About 1, 3, 5 and 10-watt diodes and COB or "Integrated" LEDs
LED diodes are rated by the amount of power (wattage) they can handle if they are perfectly cooled. Since LEDs can't be cooled perfectly in real-world environments, they are run at lower actual wattages than they are rated for to extend their useful life and maintain spectral quality.
As less power is run through an LED, it becomes more efficient at producing light-- but it also produces less light. While lower-powered diodes are more efficient, they don't emit enough light to grow plants well.
1-watt (1W) diodes are bright enough to grow low-light plants, but only when placed very close to the LEDs, and they don't provide enough energy to get most plants to flower. 3W diodes are a little brighter than T5 fluorescent bulbs and can be used to grow most plants within a couple feet of the LEDs.
5W diodes are brighter still and provide canopy-penetration equivalent to or better than a 1000W HID light. Black Dog LED only uses 5W diodes in our Universal Series lights because they provide the best balance of efficiency and intensity available today.
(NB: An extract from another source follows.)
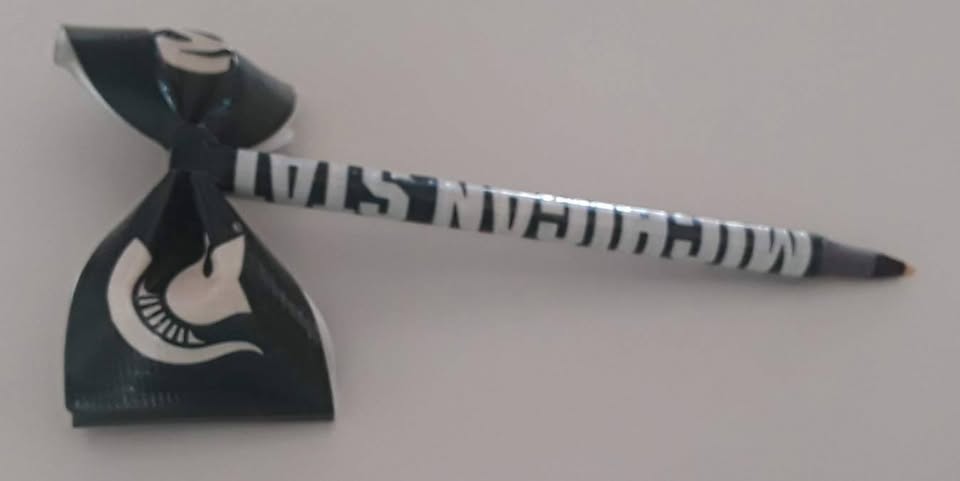 Michigan State University Spartans NCAA Duct Tape Bow Pen - Image 4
10W LEDs are now available but are mostly "white" LEDs, which are inefficient for growing plants but wonderful for lighting your home or office. Blue 10W LEDs are also available (these are the base for the "white" LEDs) but the other colors necessary to create our Phyto-Genesis Spectrum™ just don't exist yet as 10W LEDs.
COB (chip-on-board) or Integrated LED lighting is simply printed circuit boards with many low-wattage diodes directly mounted. For example, a "50W" COB LED may be comprised of 50 1W diodes, or 100 0.5W diodes. By minimizing the costs normally associated with packaging LEDs individually, the COB LEDs are cheaper to produce, but they cannot easily be made with primary lenses, so efficiency suffers. Another limitation with large COB LEDs is that heat cannot be removed fast enough to allow them to use high-power diodes. Some COB LEDs are now available constructed of 3W diodes, but they can only be run at a third of their rated power and tend to burn out after just a few weeks due to excess heat.